2 Advantages of Artificial Seed
Germplasm conservation through cryopreserving artificial seeds particularly in desiccation sensitive species like mango, cocoa, coconut, etc., utilization in hybrid seed production, i.e. use of artificial seed in propagating those plants which exhibit male or female sterility, multiplication of polyploid species, freedom from pathogens, easy handling during storage, transport feasibility, long term storage with no viability loss, and maintenance of the clonal nature of plants by using genetically identical somatic embryos, suitable medium to deliver the novel plant lines obtained through biotechnological means straight to the greenhouse or field, cost effective large scale propagation of superior plant varieties, etc. are some of the advantages of artificial or synthetic seed (Saiprasad 2001). Artificial seeds have been produced in various plant species including vegetable crops, fruit crops, medicinal plants, cereals, orchids, sugar crops, and forest trees (Siong et al. 2012; Masri et al. 2019; Shallal et al. 2020; Ismail et al. 2016; Rslan 2018; Bekheet 2006; Tsai and Saunders 1999; Bapat et al. 1987; Jain et al. 2018; Roy and Mandal 2008; Nieves et al. 2003).
3 Production of Artificial Seeds: The Prerequisites
3.1 Explants
The most commonly used explants are somatic embryos because they contain apical and basal meristem which gives rise to shoot and root (Ara et al. 2000), reproduction level is more; plants raised from somatic embryos are proficient and retain their regenerative capacity for a longer duration resulting in to uniform plant population (Leroy et al. 2000). Artificial seed production with the help of somatic embryos has been reported in Gentiana kurroo (Kotvi et al. 2016), Daucus carota (Kitto and Janick 1982), Medicago sativa (Gupta and Durzan 1987), Vitis vinifera, Mangifera indica (Ara et al. 1999), Citrus reticulate (Antonietta et al. 1999), Saccharum spp. hybrid (Nieves et al. 2003), Oryza sativa (Kumar et al. 2005), Plumbago zeylanica L. (Jain et al. 2018), etc.
Somatic embryos are the bipolar structures developed from somatic cells, instead of zygotes by means of somatic embryogenesis and thus used for clonal propagation (Saiprasad 2001). There are two routes, i.e. direct and indirect, by which somatic embryogenesis can be induced in vitro. Formation of somatic embryos takes place at the side of an explant in direct embryogenesis, whereas in case of indirect way it takes place through the growth of an unorganized mass of cells called callus (Quiroz-Figueroa et al. 2006).

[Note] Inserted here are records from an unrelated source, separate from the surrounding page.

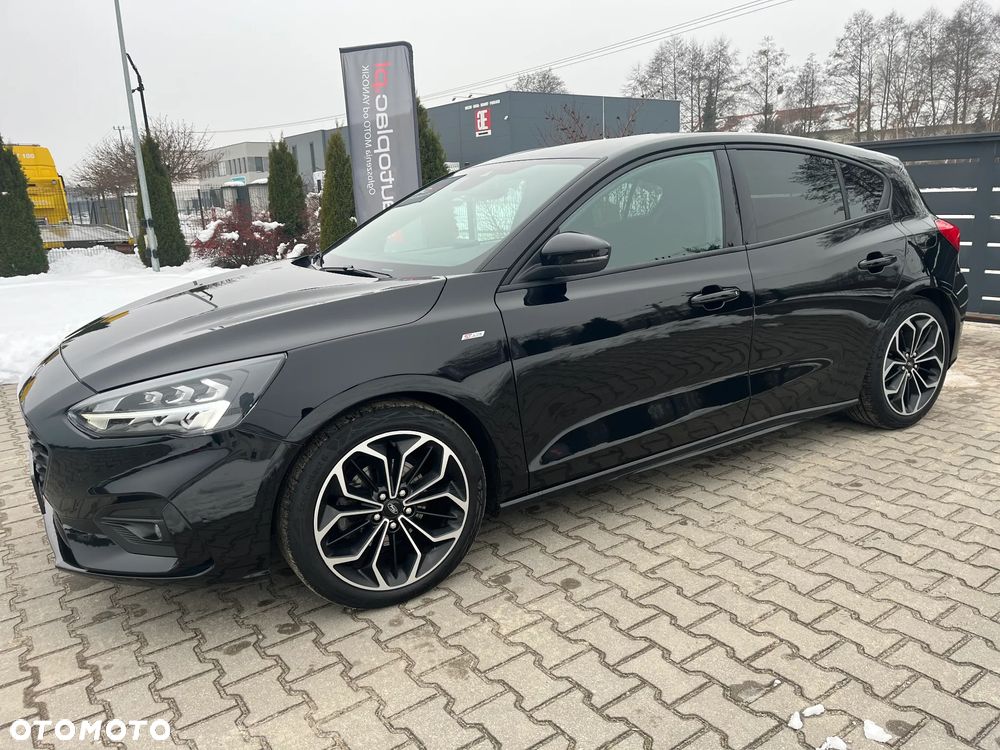 Ford Focus 1.5 EcoBoost STart-Stopp-System ST-Line - 24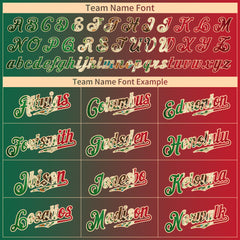 Custom White Mexican Flag Fans Special Edition Authentic Vintage Baseball Jersey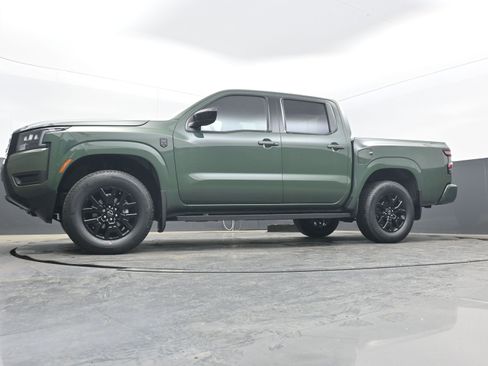 New 2026 Nissan Frontier SV AWD/4WD image 24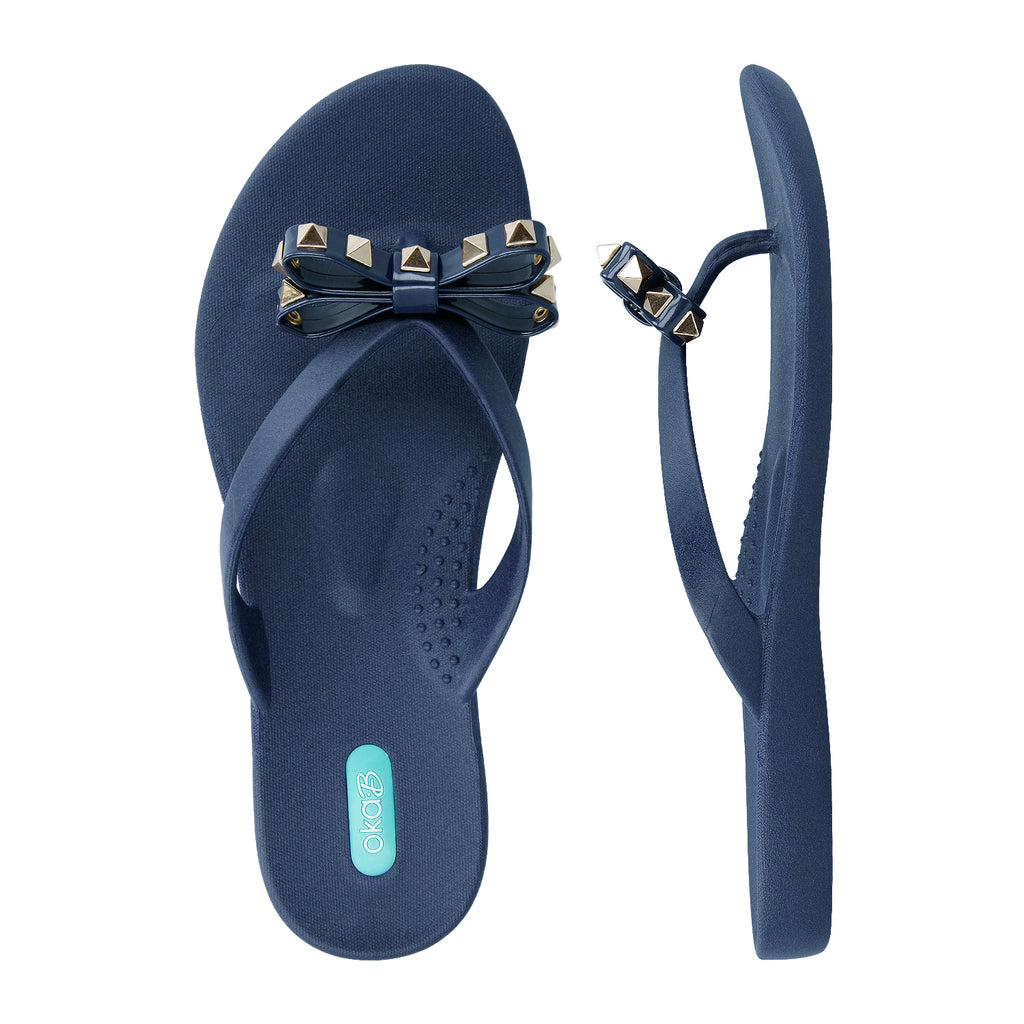 Chase Flip Flop - Sapphire - Oka-B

3.2 Shoot Tips, Axillary Buds, Internode Cuttings, Microshoots
Production of artificial seed has also been a success in other micropropagules used as explants. Some of the examples are coating of shoot tips (Aida et al. 2012; Masri et al. 2019; Ismail et al. 2016) and internode cutting of Beta vulgaris (Ismail et al. 2016), microshoots in Saintpaulia ionantha wendl. (Daud et al. 2008) and Brassica oleracea var. botrytis (Siong et al. 2012), axillary and apical buds of Manihot esculenta Crantz (Hegde et al. 2016), nodal segments and shoot tips of Mimosa pudica L. (Banu et al. 2014), nodal segments of C. angustifolia (Bukhari et al. 2014) and bulblets of Allium sativum L. (Bekheet 2006).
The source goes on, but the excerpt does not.